The interior was pitch black, save for a nightlight plugged into an outlet on the far wall. We were in a large rectangular living room that was empty except for a single small sofa.

She was sitting on the sofa.

“Hi Meredith,” I said.

SEVENTY-SIX

“You’ve been here the entire time?” I asked.

She was on one end of the sofa and I was on the other. Megan sat cross-legged on the floor. They refused to turn on the lights and my eyes were adjusting to the darkness with the help of the nightlight.

As far as I could tell, Meredith appeared fine. She wore jeans and a sweatshirt and she seemed a little tired, a little pale, but otherwise fine. She was nervous and had pushed herself into the far corner of the sofa, as if she could shoot out her feet and kick at me if she needed to.

“Yeah,” she said, her voice ragged.

“Why?”

“Because I knew no one would look here,” she said.

“Kind of a big gamble,” I said. “This is your official address.”

You didn’t look here,” Megan said.

Hard to argue with that.

“So why are you here, Meredith?” I asked.

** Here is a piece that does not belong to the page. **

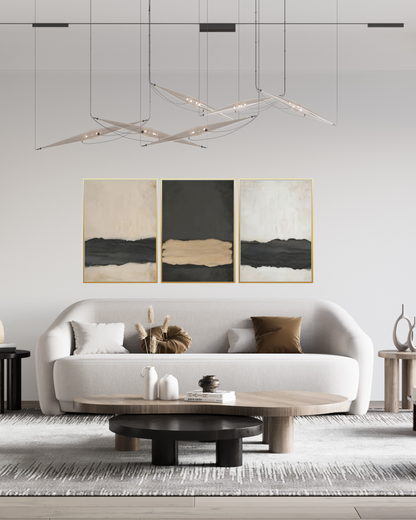 Black and Beige Abstract Horizon Canvas Print Wall Art | CP202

“Because I didn’t know where else to go,” she said.

“You aren’t dumb,” I said. “So you must know that your parents are going out of their minds.”

“My parents? Or my dad?” she asked, a knowing smirk on her face. “You don’t even know my parents.”

“I know a lot more than you think I do,” I said.

She raised a cynical eyebrow. “Really?”

“Really.”

She folded her arms across her chest. “Why don’t you tell me what you know then?”

“You sure?” I asked. I glanced at Megan. “You care if she hears?”

The cynical eyebrow became an angry one. “Megan knows everything. And she is the only one I trust.”

Megan played with her shoelaces and remained silent.

I spent the next fifteen minutes laying out everything I had learned about her life over the previous three days, leaving out nothing. Chuck, the beating he took, the prostitution, her mother’s past, her boyfriend. I put it all on the table for her.

Meredith’s eyebrow went from angry and cynical to disbelieving, embarrassed and uncertain. By the time I finished, her hands were clasped together in her lap and she was staring at them.

Megan had not flinched so she apparently did know everything.

“That’s what I know,” I said. “But I need you to fill in the blanks. Why did you blame Chuck for beating you up?”

“He was an easy target,” Megan said.

“Megan, no offense, but shut up,” I said. “Thanks for bringing me here, but I want answers from Meredith. Not you.”